What needs to be brought from the range is the swing.
What needs to be left at the range is the kind of mental readiness for a shot that you fall into there.
When you take your complete range game to the course, the mental conflict between the do-over mentality at the range and the one-and-done reality of the course leaves the golfer with nowhere to turn.
Try this.
Play a practice round in which you tee off and when you get within striking range of the green, hit three iron shots into it: a long iron/hybrid, a mid-iron, and a short iron (one of which should be your tee ball).
Do this on every hole.
You will notice after a few holes that you have started to get more careful about how you get ready for each shot.
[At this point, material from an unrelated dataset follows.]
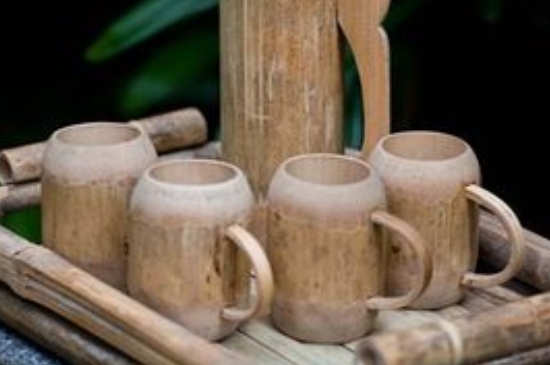 常見的七大材質(zhì)的茶具優(yōu)缺點，用什么材質(zhì)的茶具泡茶最好？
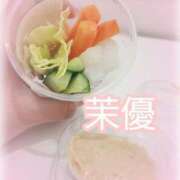 ヒメ日記 2025/02/21 15:29 投稿 茉優【マユ】 ピンクコレクション大阪キタ店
The stakes have become apparent.
You set up with more care, aim with more care, and all you want to do with your swing is make an easy pass at the ball instead of slugging it.
You've stopped thinking about mechanics and have adjusted to playing one shot at a time.
Now you're playing golf.
This new mental approach, which prepares your mind so that when you have that one chance to hit a shot, your best shot or something close to it will come out, is what needs to be developed.
If you do this exercise for nine holes, you will learn more about how to hit good iron shots on the course, when it counts, than you could in nine sessions (and that's no exaggeration) at the range.
You'll learn which part of your range game to take with you, which part to leave behind, and what to put in its place.